SBNpro.com
Kamis, Agustus 20, 2026
  • SIANTAR
  • SIMALUNGUN
  • SUMUT
  • NASIONAL
  • KOLOM
  • KESEHATAN
  • KOMUNITAS
  • TEKNOLOGI
  • VIDEO
No Result
View All Result
SBNpro.com
No Result
View All Result
SBNpro.com
  • SIANTAR
  • SIMALUNGUN
  • SUMUT
  • NASIONAL
  • KOLOM
  • KESEHATAN
  • KOMUNITAS
  • TEKNOLOGI
  • VIDEO
ADVERTISEMENT
Home Nasional

Sengketa HGB PTPN IV dengan Warga Dibahas di DPRD Siantar, BPN Tak Bawa Data

SBNPro.com by SBNPro.com
20/05/2024
A A
Sengketa HGB PTPN IV dengan Warga Dibahas di DPRD Siantar, BPN Tak Bawa Data
94
SHARES
204
VIEWS
Share on FacebookShare on TwitterShare on Whatsapp
Konsep Otomatis
ADVERTISEMENT

SBNpro – Siantar

Komisi I DPRD Kota Siantar gelar rapat dengar pendapat (RDP) dengan warga Jalan Ade Irma Suryani, Badan Pertanahan Nasional (BPN), Pemko Siantar dan PTPN IV, Senin (20/05/2024).

RDP digelar, guna membahas sengketa Hak Guna Bangunan (HGB) yang diberikan BPN kepada PTPN IV. Lahan HGB yang terletak di Jalan Ade Irma Suryani, Kelurahan Melayu, Kecamatan Siantar Utara, Kota Siantar, Sumatera Utara itu, dipersoalkan warga yang sudah sangat lama menguasai lahan dan bangunan yang ada di sana.

Warga hadir di DPRD Kota Siantar bersama kuasa hukumnya, Daulat Sihombing SH MH dan pendampingnya, Jefri Handayani Pakpahan. Warga menolak penggusuran (pengosongan lahan) dan tali asih yang ditawarkan PTPN IV.

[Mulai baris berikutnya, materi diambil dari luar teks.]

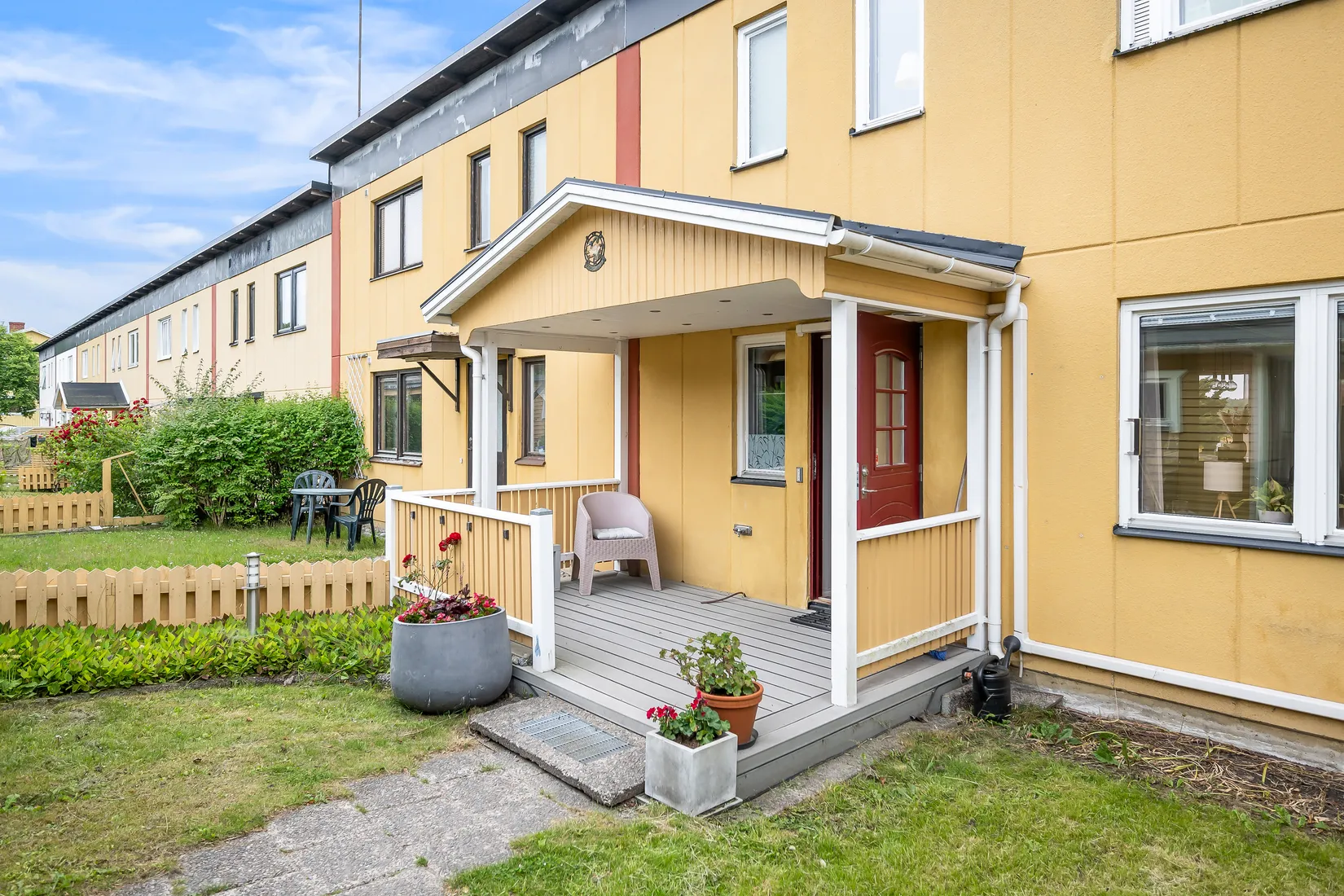 Radhus, Rosenvägen 41, Norra Nynäshamn, Nynäshamn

Sementara dari pihak PTPN IV hadir Michael Purba dan rekannya. Menurut Michael, pemukiman warga berdiri di lahan HGB milik PTPN IV, seluas 1.032 meter kuadrat, berdasarkan HGB Nomor 1159 Tahun 2018 yang diterbitkan BPN.

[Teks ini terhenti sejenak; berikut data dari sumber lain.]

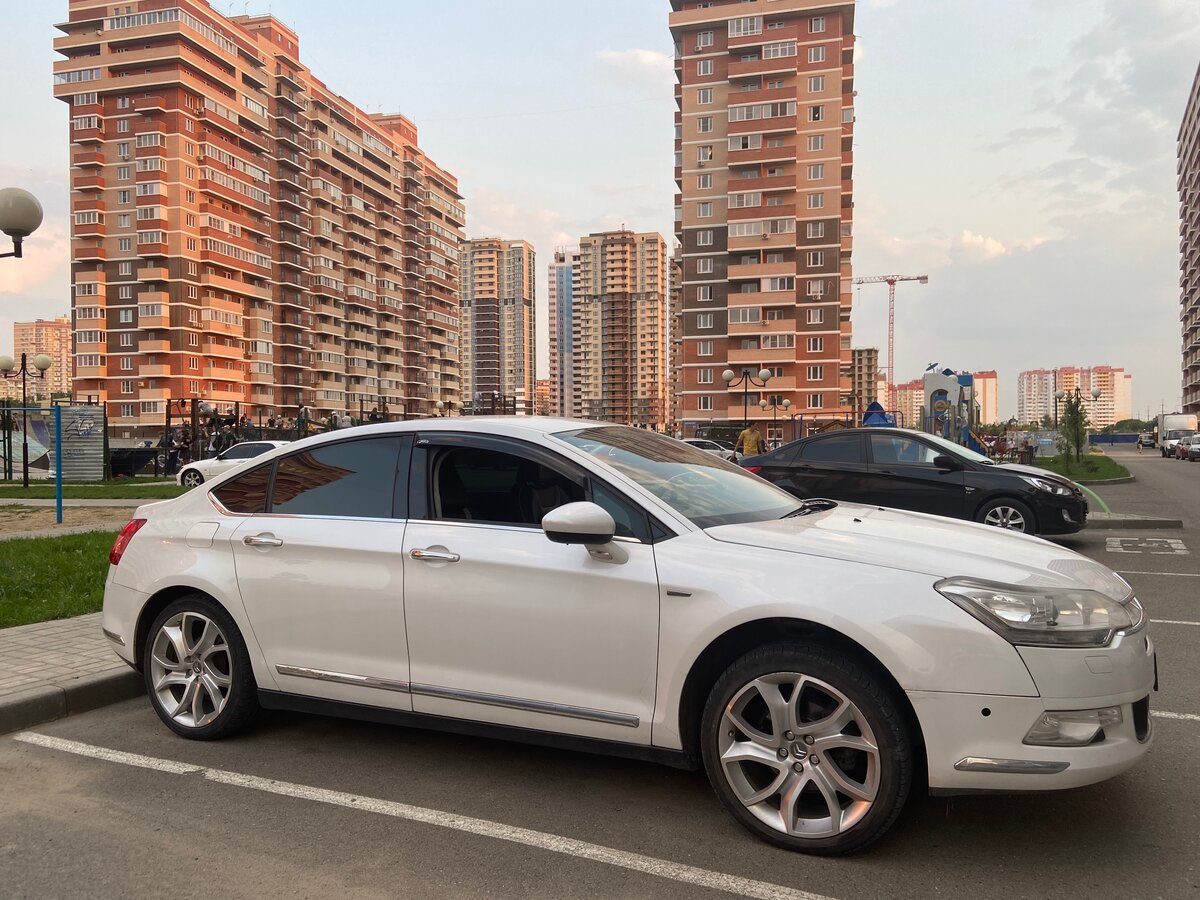Citroen C5 - 3 от автора Архип в Бортжурнале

HGB Nomor 1159 berlaku selama 20 tahun, sejak 2018 hingga 2038. Sertifikat HGB tersebut, merupakan perpanjangan dari sertifikat HGB Nomor 758 yang berlaku sejak tahun 1998 hingga 2018.

“Terbit tanggal 5 Oktober 2018 berakhir pada Oktober 2038 dengan luas 1.032 M²,” ujar Michael pada RDP di Komisi I DPRD Kota Siantar.

Beranjak dari HGB itu, katanya, beberapa waktu yang lalu PTPN IV meminta Kejaksaan Negeri (Kejari) Siantar mendampingi PTPN IV sebagai Jaksa Pengacara Negara (JPN), agar rumah-rumah yang dihuni warga dikembalikan sebagai aset PTPN IV.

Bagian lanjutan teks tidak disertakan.